15 years ago, the unique network Living Lakes was launched at Lake Constance. Besides the Global Nature Fund (GNF) and Lake Constance Foundation, environmental organisations (NGOs) from three partner lakes were involved in the establishment of the global network: Lake Biwa in Japan, Lake St Lucia in South Africa and Mono Lake in the USA. The intention of the founding organisations was the conservation of lakes and wetlands in order to protect them as important habitats. In the past 15 years, 98 lakes and wetlands have joined the global network with the objective to contribute to the protection of our natural resources of water. Currently, over 120 local NGOs worldwide and some 1,000 employees are committed to the conservation of lakes, catchment areas and unique species diversity.
Successful Project Implementation
Since its foundation, the network has successfully implemented more than 50 projects dealing with nature conservation, biodiversity, sustainable development, energy, climate as well as environmental education. In total, around 7 million Euros have been made available for the protection of lakes and wetlands. Currently, the international environmental organisation, headquartered at Lake Constance, is implementing 36 projects with the participation of the local population, and in conjunction with the equal number of partner organisations. The United Nations International Year of Water Cooperation shows that joint initiatives prove to be particularly successful provided a wide range of stakeholders is involved in their implementation. Concrete results of the joint work as well as the objectives for the next years are summarised in the booklet “Living Lakes Goals 2012 – 2017“.www.globalnature.org/Publications
Various RAMSAR wetlands e.g. Columbia River Wetlands in Canada and Lake Chapala in Mexico are among the network members. Some have UNESCO World Heritage Status such as Lake Tengiz in Kazakhstan or Lake Baikal in Burjatia. Also less known waters are among the partnership members such as e.g. Lake Bolgoda as well as the Madampe and Maduganga Wetlands in Sri Lanka, whose biodiversity has been severely affected by the Tsunami.
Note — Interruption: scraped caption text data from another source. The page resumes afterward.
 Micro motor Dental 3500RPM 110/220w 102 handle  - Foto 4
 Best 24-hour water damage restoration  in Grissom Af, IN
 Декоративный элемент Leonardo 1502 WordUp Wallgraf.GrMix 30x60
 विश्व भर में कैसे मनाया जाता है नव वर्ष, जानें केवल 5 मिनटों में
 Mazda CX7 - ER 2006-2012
Mangroves to protect against Tsunami Waves
In order to repair the effects and damages of the tsunami disaster in December 2004, and to protect Asian regions against dramatic impacts of further tidal waves, a multi-annual programme has been implemented together with three partner organisations in Sri Lanka and India. The activities focused on the restoration of destroyed mangrove forests und further training of local families. This EU-supported project ended in 2008. It was followed by three further projects in Cambodia and Thailand, based on the experiences made in India and Sri Lanka.
Drinking Water – A human Right, but not everywhere
Especially in Africa, surface waters are used as drinking water sources, as often there is a lack of adequate public water supply. Therefore the protection of drinking water is crucial to all residents. In 2004, GNF started its first project activities at Lake Victoria and introduced solar lamps for night fishing. Since 2009, GNF has expanded its commitment, and together with African partners, installed several water filter systems to ensure safe water supply in schools, orphanages and health centres. In Ivory Coast, wells were repaired and thus numerous villagers are supplied with clean drinking water. In Burundi new wells are currently being drilled to ensure the local water supply.
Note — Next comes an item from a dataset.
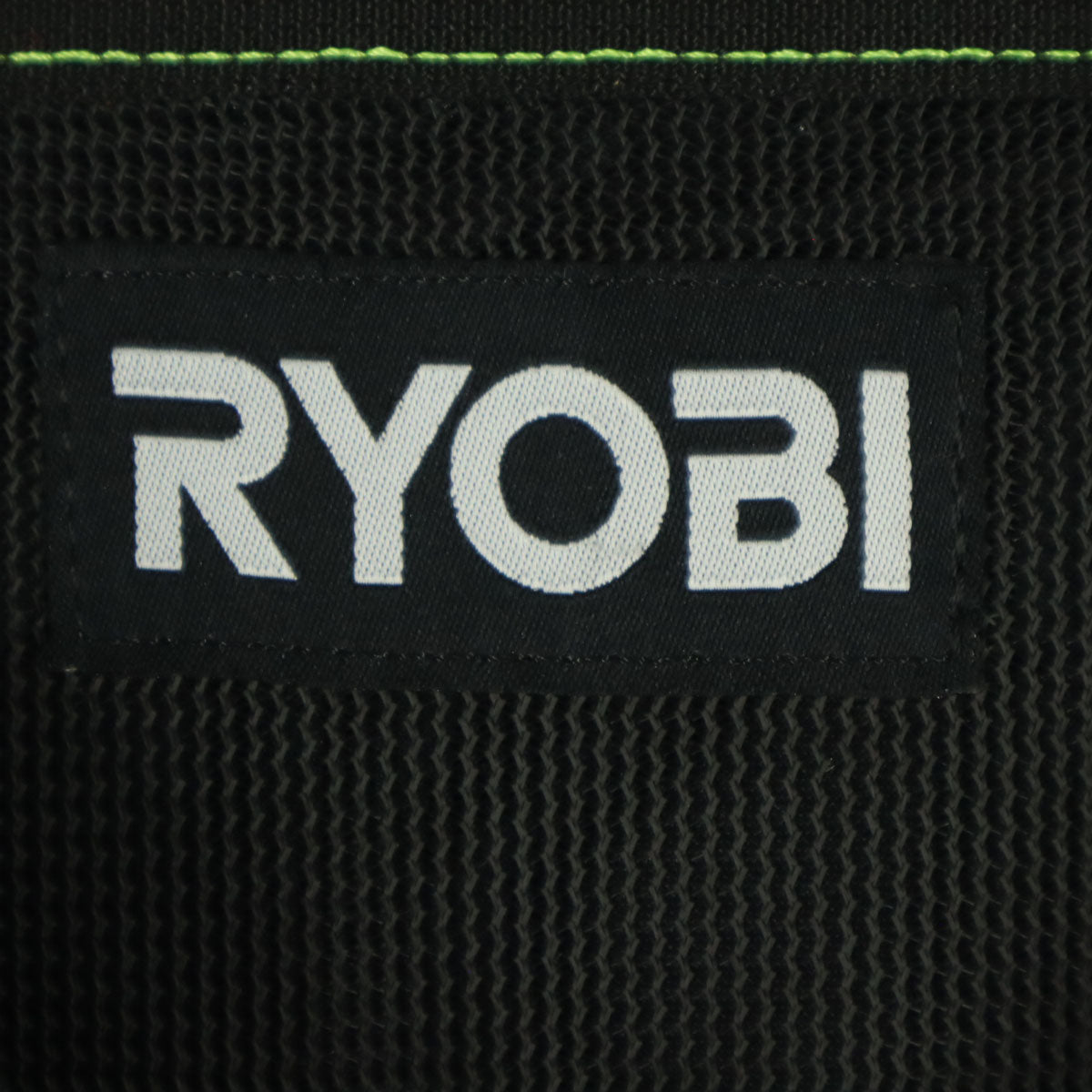RYOBI リョービ バイカラー ノースリーブ FM-2902 フローティング ベスト ブラック 釣り メンズ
The commitment and unflagging dedication of the many people behind the Living Lakes partner organisations contribute to the joint success, and over 15 years they have grown together as one global Living Lakes family.
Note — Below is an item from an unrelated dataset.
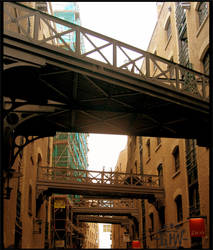 Shad Thames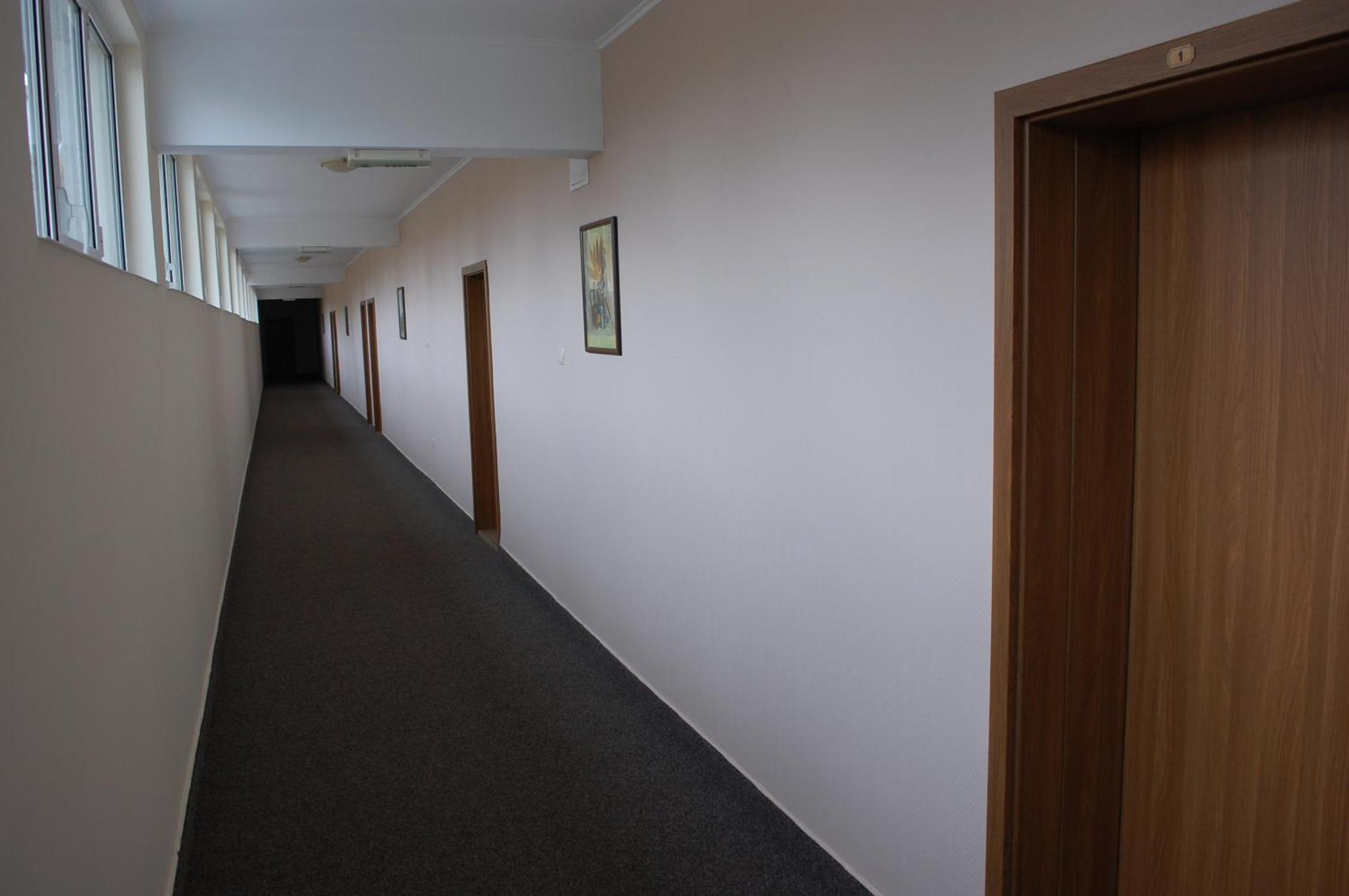 Hotel Vitosha Tryavna Esterno foto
Numerous employees and volunteers have received important prizes and awards for their commitment to nature and environment. The network itself and various projects enjoy widespread recognition. Living Lakes has already been recognised several times as “Official project of the UN Decade of Education for Sustainable Development“. In April 2013, the network was among the three finalists of the category I “Best Water Management Practices” in the framework of the UN Water Decade “Water for Life” Best Practice Programme.
Lakes and wetlands are still among the most threatened ecosystems of our planet. In the coming years, the Living Lakes partners will be particularly active in the fields of restoration of lakes and their tributaries (e.g. restoration of the Jordan), species conservation (e.g. transmitters for rhino monitoring), improvement of water quality (e.g. through low price filters so-called green filters) and the promotion of environmentally sound and socially acceptable income opportunities.
More information on all lakes and wetlands belonging to the network are available at www.globalnature.org/LivingLakes
Global Nature Fund (GNF)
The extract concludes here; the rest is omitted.